• **What the exercise asks**: Give all of the data below again exactly, and drop the images.

┌──

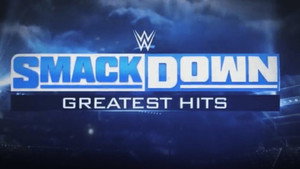 WWE: SmackDown's Greatest Hits háttérkép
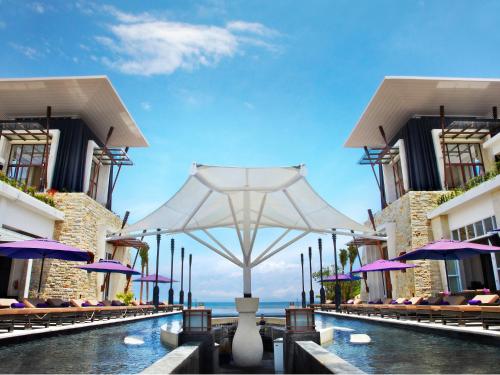 The Sakala Resort Bali All Suites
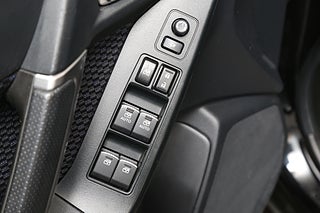 SUV Subaru Forester 11 av 26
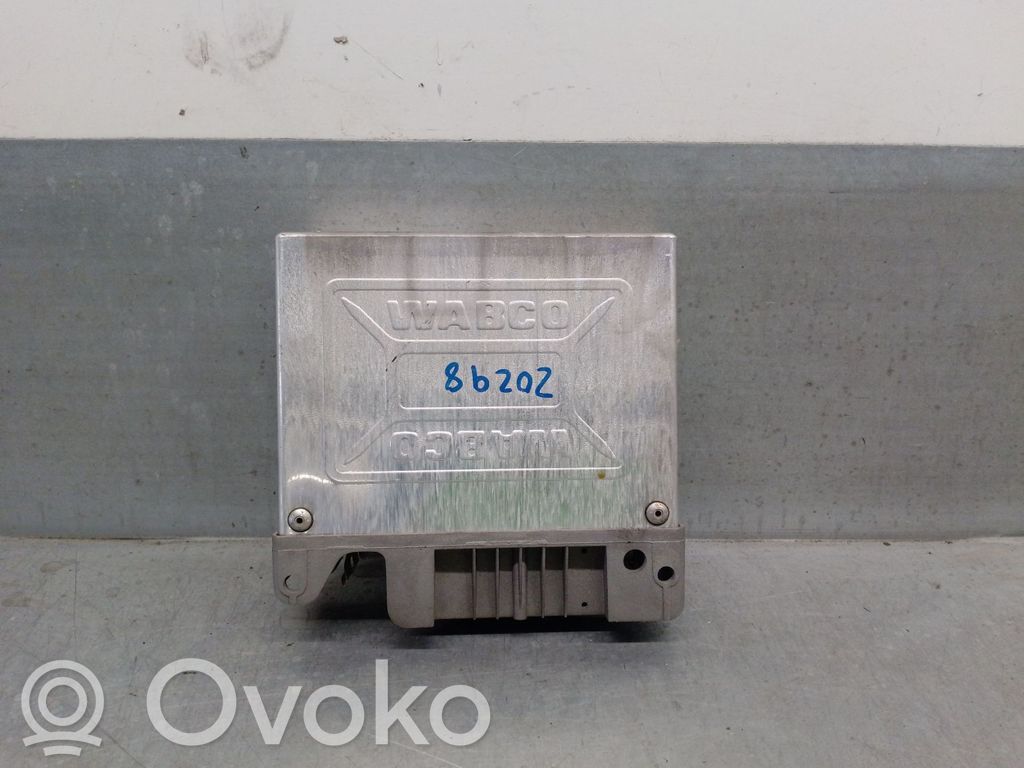Land Rover Range Rover P38A Bloc ABS
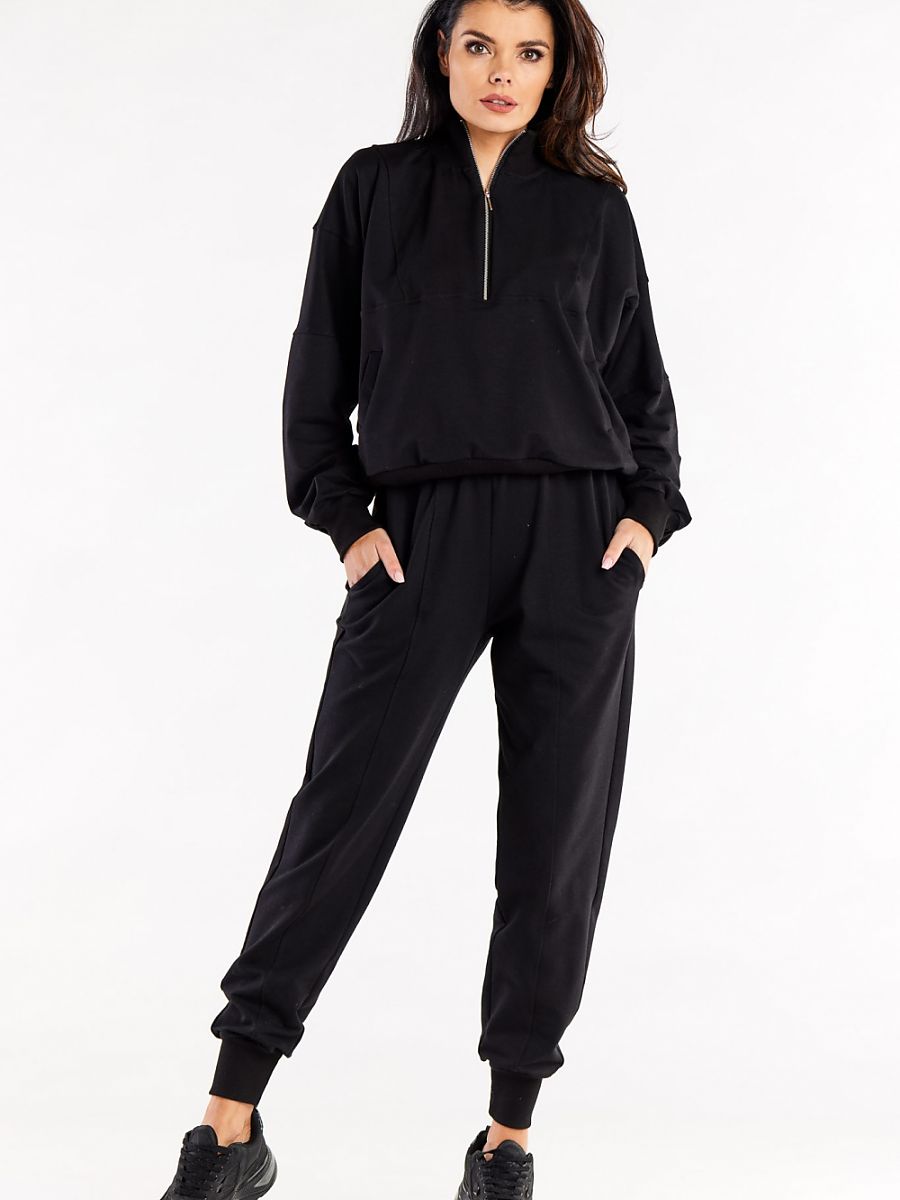 Tracksuit trousers Infinite You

└──

• **Answer box**:
 WWE: SmackDown's Greatest Hits háttérkép
 The Sakala Resort Bali All Suites
 SUV Subaru Forester 11 av 26
Land Rover Range Rover P38A Bloc ABS
 Tracksuit trousers Infinite You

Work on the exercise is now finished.